I’m sorry I missed this. Even though you think I’m making this stuff up, I’ll tell you what you want to know anyway.
The chains of hell correspond to the twin filaments of a Birkeland current discharging in dark mode. From the Wikipedia:
Plasmas discharge in one of three modes: glow, arc and dark. Dark mode discharge is invisible to the naked eye.
The spirit of the devil, a plasmoid, and the chains (Birkeland current filaments) which proceed from it, normally discharge in dark mode, though this spirit also has the capability of discharging in arc mode, hence the devil appearing as an angel of light.
Birkeland currents are driven by different variables, such as magnetic fields. It may be that the spirit of the devil is attuned to specific changes in the human spirit, such as, perhaps, slight changes in the human magnetic field, which changes instantly create Birkeland currents directly connecting the human to the devilish plasmoid. Whatever the mechanism involved, the instant a person sins, a change comes over them and the filaments attach. The only way to get them off is to by changing back to how you were before they got attached (the mighty change of heart.)

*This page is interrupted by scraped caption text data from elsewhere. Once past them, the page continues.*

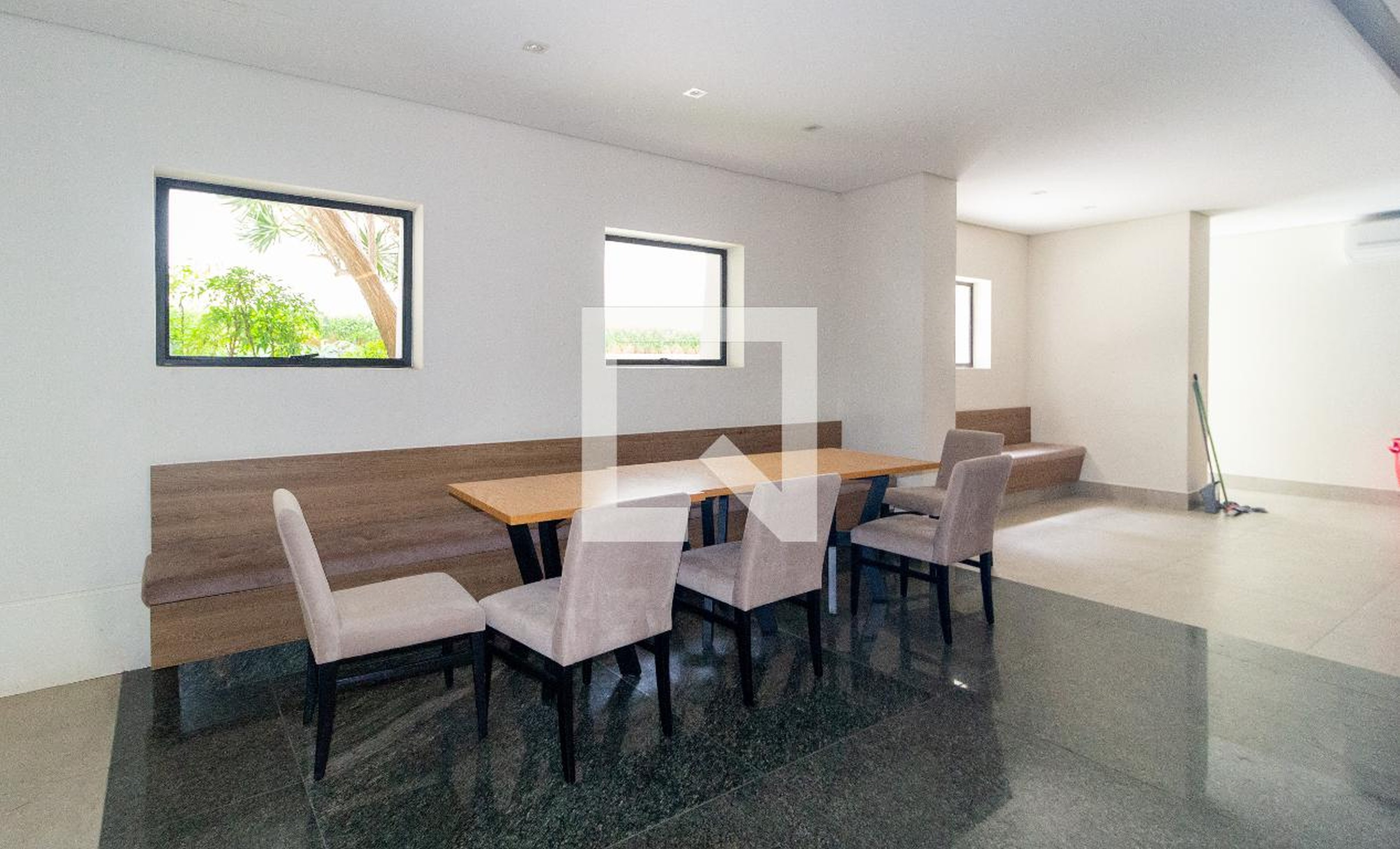 Salão de Festas - Giotto e Tintoretto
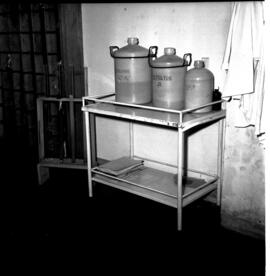 Instituto de Solos e Culturas - Instalações e Equipamentos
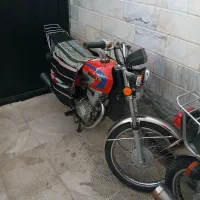 ساوین مدل ۹۲قیمت ۳۸ملیون|موتورسیکلت|ساوه, |دیوار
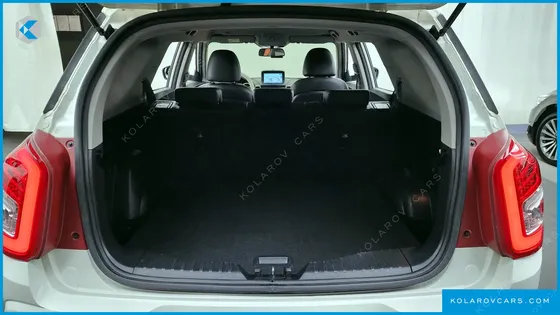 KGM - SSANGYONG TIVOLI 1.6 IX 2WD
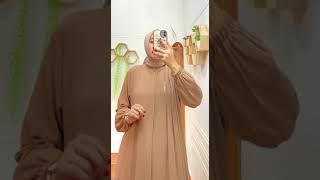 GAMIS CRINKLE AIRFLOW TERBARU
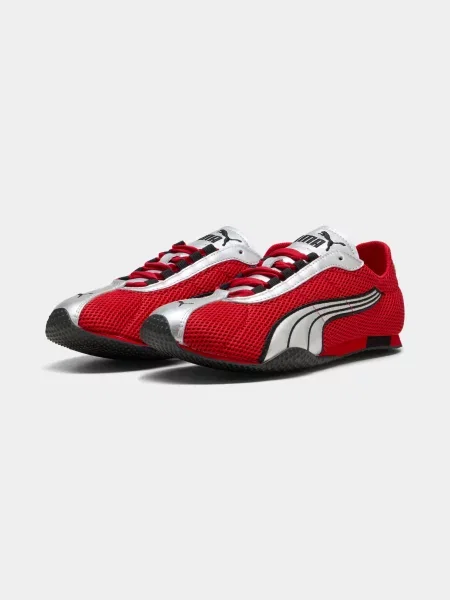 Повседневные кроссовки Puma красные
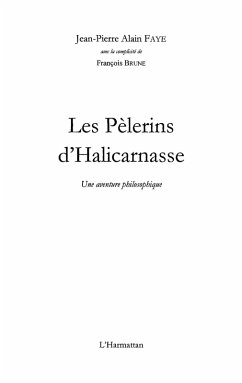 Cover Pelerins d'Halicarnasse Les (eBook, ePUB)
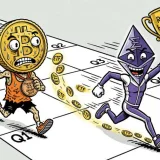 Bitcoin y Ethereum cierran un trimestre histórico con entradas récord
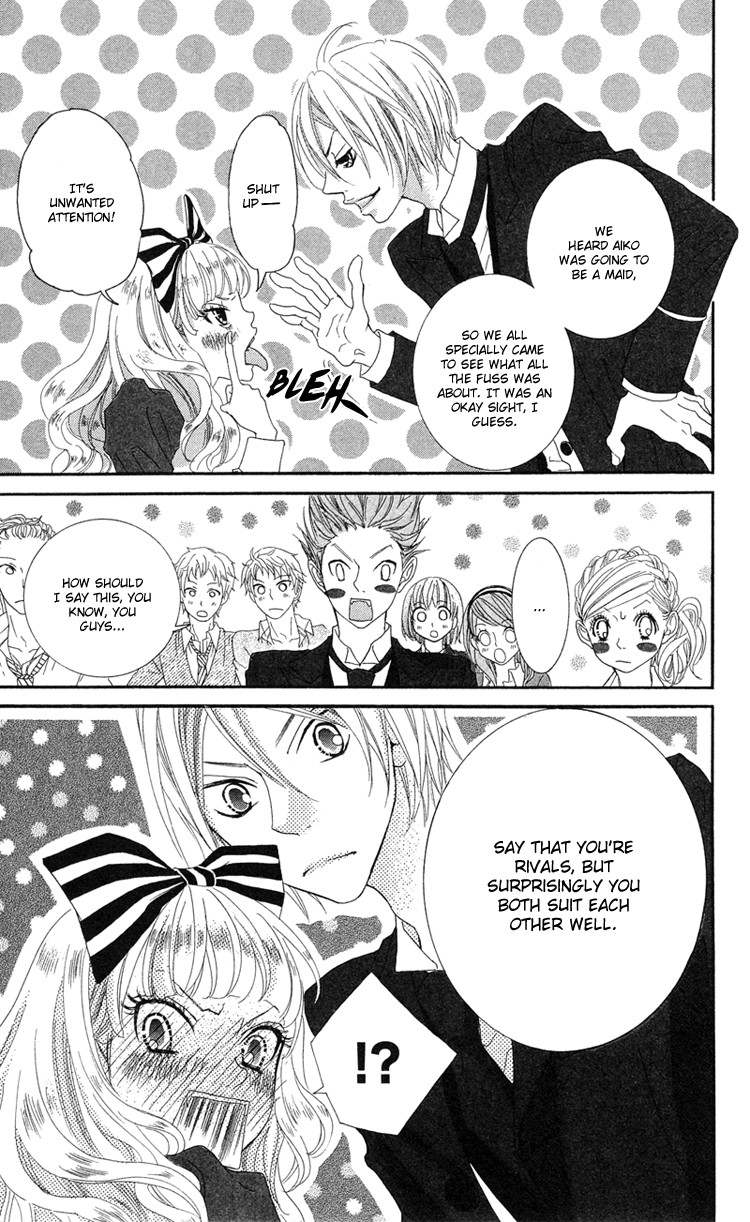 Himitsu no Ai-chan chapter 14 page 23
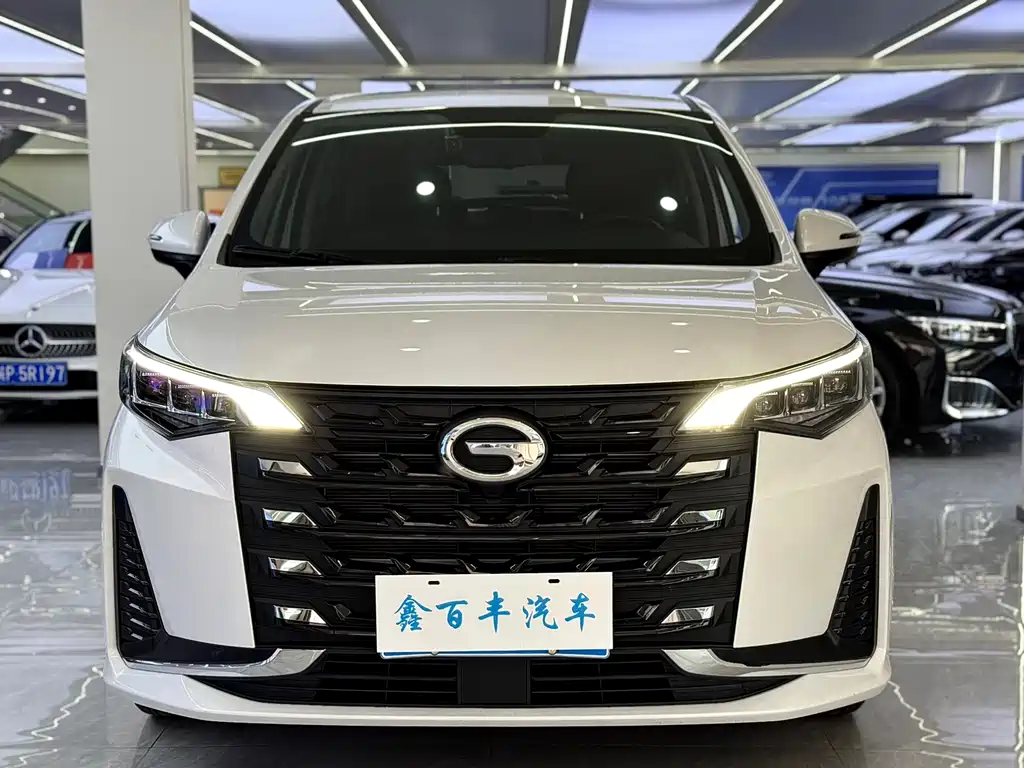 GAC Motor Trumpchi M6 2025 — фото 2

Again, the prophetic mind describes real things in symbolic ways which instill faith, so the twin filaments form a braided appearance and to the prophet it looks like a chain, so he calls it a chain. A plasma double layer looks like a bunched up curtain, so it is called “the curtain of thy pavilion,” and so on and so forth.
The chains of hell, once attached, tend toward strengthening the connection. So, like Nephi wrote, it starts out a flaxen cord and ends up a strong cord. Strengthening the filaments is accomplished by magnifying the change that caused the chains to attach in the first place. In other words, the more one sins, the stronger the current and thicker the cable.
Measurements of human cytoplasm electric fields show that they are off-the-charts high. (http://www.eurekalert.org/pub_releases/2007-11/uom-nvm113007.php) It is plainly obvious (to me, at least) that humans do not operate as a battery, but as an appliance. We are “plugged in” to an external power source, just as the planets and stars are. Thus, we may be plugged in to the spirit of the devil or plugged in to the Spirit of the Lord.
Anyway, that’s how spirits are chained with tares.
Am I the only one totally cracking up at this response?!? Hilarious!
profxm, I was under the impression that you wanted to have a serious discussion.
Seth, I do. But how can I take that last post seriously? Chaining spirits using electric fields? Really?
Show me the chapter/verse in scripture or quote from a Mormon prophet that says:
(1) spirits can be physically chained
(2) the chains are electric fields
As soon as you can provide those – without claiming that it’s all a matter of interpretation of scripture that has nothing to do with these things – then I’ll take this guy seriously. Until then, yeah, I can’t take this seriously.
It seemed to me that profxm was attempting to have a serious discussion.